Libië zeer gevaarlijk voor christenen
Libië is vijf jaar na de val van Gaddafi „een van de gevaarlijkste plaatsen ter wereld om christen te zijn.”
De hoop was dat de val van het regime van dictator Gaddafi in 2011 zou leiden tot meer vrijheid voor de christenen in Libië. Het tegendeel is echter het geval. De chaos en anarchie in het Noord-Afrikaanse land zorgen ervoor dat radicale islamitische groepen vrij spel hebben om christenen te vervolgen.
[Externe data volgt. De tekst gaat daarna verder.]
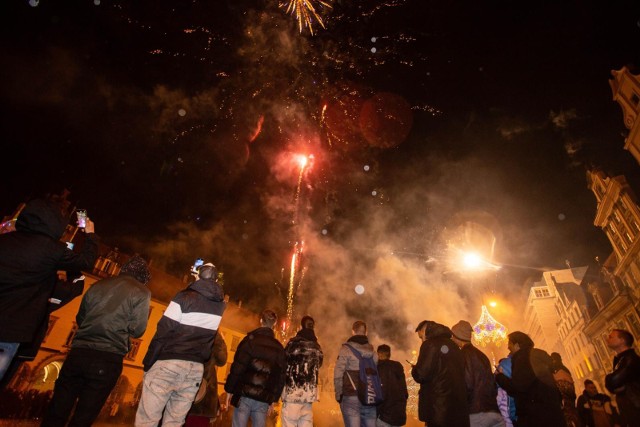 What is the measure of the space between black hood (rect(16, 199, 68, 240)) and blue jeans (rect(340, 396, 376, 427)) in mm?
4451

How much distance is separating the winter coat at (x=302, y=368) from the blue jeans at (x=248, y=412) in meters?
0.48

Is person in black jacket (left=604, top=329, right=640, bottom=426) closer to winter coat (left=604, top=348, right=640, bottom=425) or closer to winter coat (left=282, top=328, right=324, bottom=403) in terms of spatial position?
winter coat (left=604, top=348, right=640, bottom=425)

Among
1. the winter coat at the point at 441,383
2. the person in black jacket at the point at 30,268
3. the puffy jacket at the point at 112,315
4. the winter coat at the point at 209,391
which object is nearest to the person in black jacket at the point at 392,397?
the winter coat at the point at 441,383

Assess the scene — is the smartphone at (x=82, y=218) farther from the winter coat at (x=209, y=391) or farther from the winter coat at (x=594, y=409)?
the winter coat at (x=594, y=409)

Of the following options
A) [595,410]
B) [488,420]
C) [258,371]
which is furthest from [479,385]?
[595,410]

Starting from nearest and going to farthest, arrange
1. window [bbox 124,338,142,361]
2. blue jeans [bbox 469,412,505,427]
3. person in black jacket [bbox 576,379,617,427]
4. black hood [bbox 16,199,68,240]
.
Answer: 1. black hood [bbox 16,199,68,240]
2. blue jeans [bbox 469,412,505,427]
3. person in black jacket [bbox 576,379,617,427]
4. window [bbox 124,338,142,361]

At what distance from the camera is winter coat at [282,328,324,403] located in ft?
15.5

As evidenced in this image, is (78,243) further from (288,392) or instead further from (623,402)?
(623,402)

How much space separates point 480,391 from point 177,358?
3862 millimetres

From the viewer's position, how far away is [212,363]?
4.74m

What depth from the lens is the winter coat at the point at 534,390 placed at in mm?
3818

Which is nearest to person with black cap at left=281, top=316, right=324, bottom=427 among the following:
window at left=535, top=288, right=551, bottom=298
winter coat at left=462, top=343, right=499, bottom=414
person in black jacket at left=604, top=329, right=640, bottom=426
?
winter coat at left=462, top=343, right=499, bottom=414

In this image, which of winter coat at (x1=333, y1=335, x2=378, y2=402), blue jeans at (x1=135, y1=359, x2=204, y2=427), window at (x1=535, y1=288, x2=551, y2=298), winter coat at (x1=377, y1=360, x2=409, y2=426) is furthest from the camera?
window at (x1=535, y1=288, x2=551, y2=298)

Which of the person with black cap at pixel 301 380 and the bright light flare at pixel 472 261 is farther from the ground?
the bright light flare at pixel 472 261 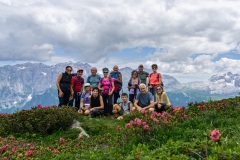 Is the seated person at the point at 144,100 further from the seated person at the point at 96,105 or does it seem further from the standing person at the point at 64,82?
the standing person at the point at 64,82

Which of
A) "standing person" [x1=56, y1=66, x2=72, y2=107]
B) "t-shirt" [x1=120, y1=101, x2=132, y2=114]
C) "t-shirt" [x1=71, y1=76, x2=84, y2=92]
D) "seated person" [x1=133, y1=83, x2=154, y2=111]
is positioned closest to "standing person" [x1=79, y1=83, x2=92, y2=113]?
"t-shirt" [x1=71, y1=76, x2=84, y2=92]

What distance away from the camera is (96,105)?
16.8 metres

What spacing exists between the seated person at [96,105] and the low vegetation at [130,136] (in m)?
0.66

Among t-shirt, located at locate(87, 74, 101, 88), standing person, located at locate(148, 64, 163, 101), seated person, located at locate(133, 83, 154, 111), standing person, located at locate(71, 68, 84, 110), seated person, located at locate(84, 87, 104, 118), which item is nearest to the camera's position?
seated person, located at locate(133, 83, 154, 111)

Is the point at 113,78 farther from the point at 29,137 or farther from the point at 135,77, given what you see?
the point at 29,137

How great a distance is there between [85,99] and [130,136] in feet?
30.9

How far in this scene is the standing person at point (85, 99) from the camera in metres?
17.5

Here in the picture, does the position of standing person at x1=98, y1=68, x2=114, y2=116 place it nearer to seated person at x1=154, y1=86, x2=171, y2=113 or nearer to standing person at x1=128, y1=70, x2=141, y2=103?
standing person at x1=128, y1=70, x2=141, y2=103

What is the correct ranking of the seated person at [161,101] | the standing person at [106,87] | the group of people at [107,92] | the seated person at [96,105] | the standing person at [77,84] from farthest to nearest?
the standing person at [77,84], the standing person at [106,87], the seated person at [96,105], the group of people at [107,92], the seated person at [161,101]

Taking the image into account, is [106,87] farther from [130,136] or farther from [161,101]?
[130,136]

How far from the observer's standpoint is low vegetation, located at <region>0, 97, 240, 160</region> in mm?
5402

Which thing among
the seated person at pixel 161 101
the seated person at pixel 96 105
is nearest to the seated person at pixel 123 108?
the seated person at pixel 96 105

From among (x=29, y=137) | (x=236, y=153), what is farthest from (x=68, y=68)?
(x=236, y=153)

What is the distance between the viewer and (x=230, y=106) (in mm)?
13430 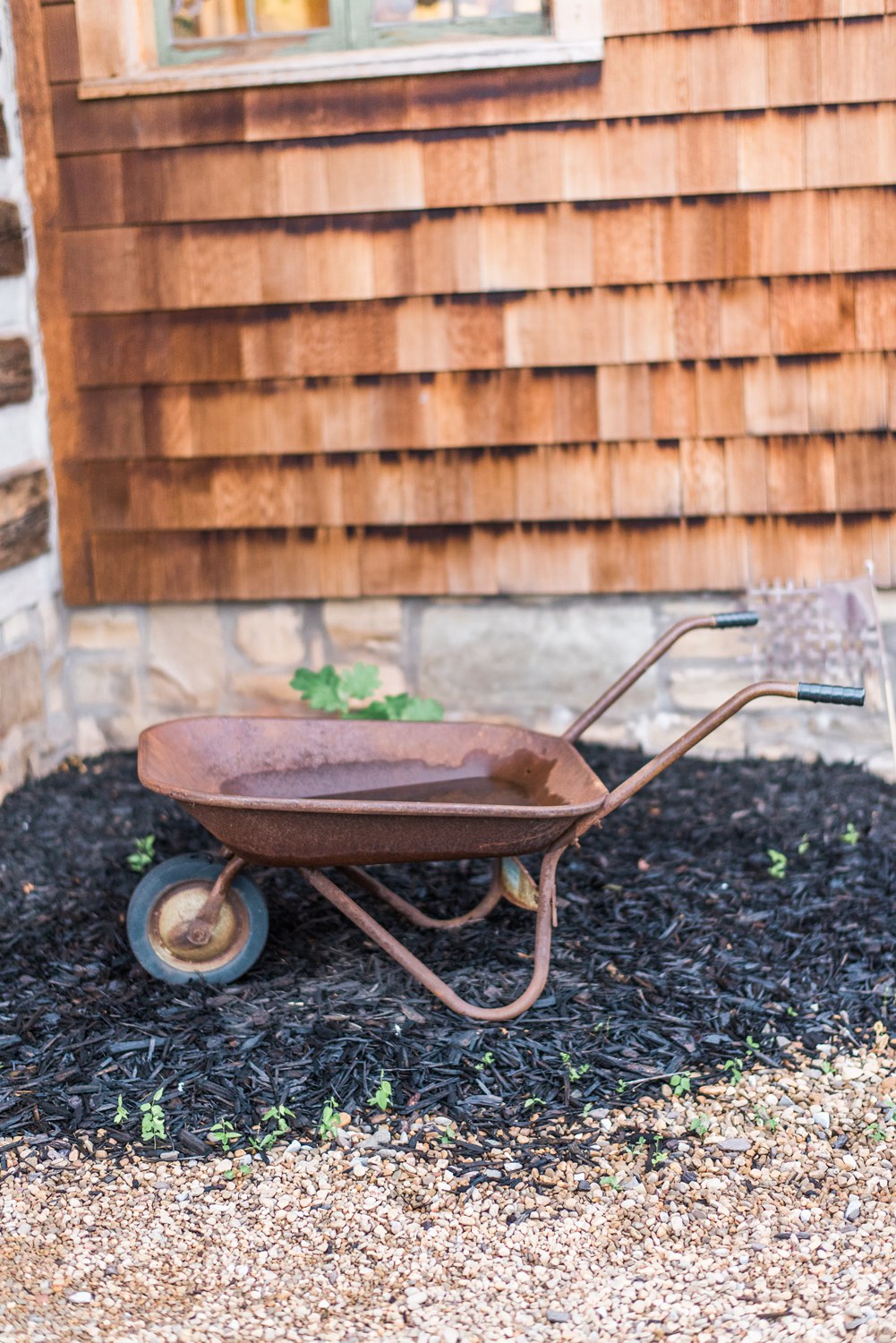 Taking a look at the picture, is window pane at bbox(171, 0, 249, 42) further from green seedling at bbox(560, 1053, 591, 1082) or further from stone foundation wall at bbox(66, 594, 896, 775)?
green seedling at bbox(560, 1053, 591, 1082)

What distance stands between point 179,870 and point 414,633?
5.05ft

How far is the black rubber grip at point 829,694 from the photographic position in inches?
96.7

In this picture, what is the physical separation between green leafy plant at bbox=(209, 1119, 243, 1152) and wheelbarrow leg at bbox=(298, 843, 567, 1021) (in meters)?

Dat meldde de Amerikaanse nieuwsdienst World Watch Monitor eind vorige week op basis van een recent rapport van Open Doors International. De titel van het rapport is veelzeggend: ”Libya: Freedom of religion in the land of anarchy” (Libië: vrijheid van godsdienst in het land van anarchie).
Vóór de val van Gaddafi leefden er zo’n 380.000 christenen in Libië: 300.000 kopten en 80.000 rooms-katholieken. De meesten van hen waren afkomstig uit Afrikaanse landen beneden de Sahara of Egypte. Ze waren op zoek naar werk of wilden via Libië naar Europa. Echt onbezorgd konden ze onder het regime van Gaddafi niet zijn, maar elke denominatie had in ieder geval het recht om in elke stad ten minste één plek te hebben om samen te komen.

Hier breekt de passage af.